To get started, define your features with Pydantic-inspired Python classes. You can define schemas, specify relationships, and add metadata to help your team share and re-use work.

@features
class User:
    id: int
    full_name: str
    nickname: Optional[str]
    email: Optional[str]
    birthday: date
    credit_score: float
    datawarehouse_feature: float

    transactions: DataFrame[Transaction] = has_many(lambda: Transaction.user_id == User.id)

Resolvers

Next, tell Chalk how to compute your features. Chalk ingests data from your existing data stores, and lets you use Python to compute features with feature resolvers. Feature resolvers are declared with the decorators @online and @offline, and can depend on the outputs of other feature resolvers.

Resolvers make it easy to rapidly integrate a wide variety of data sources, join them together, and use them in your model.

SQL

pg = PostgreSQLSource()

@online
def get_user(uid: User.id) -> Features[User.full_name, User.email]:
    return pg.query_string(
        "select email, full_name from users where id=:id",
        args=dict(id=uid)
    ).one()

REST

import requests

@online
def get_socure_score(uid: User.id) -> Features[User.socure_score]:
    return (
        requests.get("https://api.socure.com", json={
            id: uid
        }).json()['socure_score']
    )

Execute

Once you've defined your features and resolvers, Chalk orchestrates them into flexible pipelines that make training and executing models easy.

Chalk has built-in support for feature engineering workflows -- no need to manage Airflow or orchestrate complicated streaming flows. You can execute resolver pipelines with declarative caching, ingest batch data on a schedule, and easily make slow sources available online for low-latency serving.

Caching

Many data sources (like vendor APIs) are too slow for online use cases and/or charge a high dollar cost-per-call. Chalk lets you optimize latency and cost by defining declarative caching policies which are well-integrated throughout the system.
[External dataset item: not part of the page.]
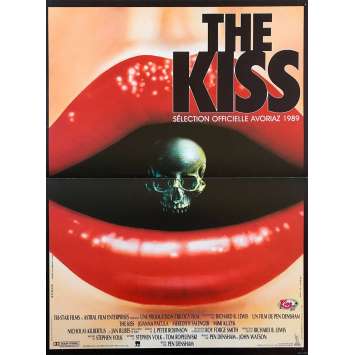 THE KISS Affiche de film 40x60 cm - 1988 - Joanna Pacula, Pen Densham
You no longer have to manage Redis, Memcached, DynamodDB, or spend time tuning cache-warming pipelines.

Add a caching policy with one line of code in your feature definition:

@features
class ExternalBankAccount:
-   balance: int
+   balance: int = feature(max_staleness="**1d**")

Optionally warm feature caches by executing resolvers on a schedule:

@online(cron="**1d**")
def fn(id: User.id) -> User.credit_score:
  return redshift.query(...).all()

Or override staleness tolerances at query time when you need fresher data for your models:

chalk.query(
    ...,
    outputs=[User.fraud_score],
    max_staleness={User.fraud_score: "1m"}
)

Batch ETL ingestion

Chalk also makes it simple to generate training sets from data warehouse sources -- join data from services like S3, Redshift, BQ, Snowflake (or other custom sources) with historical features computed online. Specify a cron schedule on an @offline resolver and Chalk automatically ingests data with support for incremental reads:

@offline(cron="**1h**")
def fn() -> Feature[User.id, User.datawarehouse_feature]:
  return redshift.query(...).incremental()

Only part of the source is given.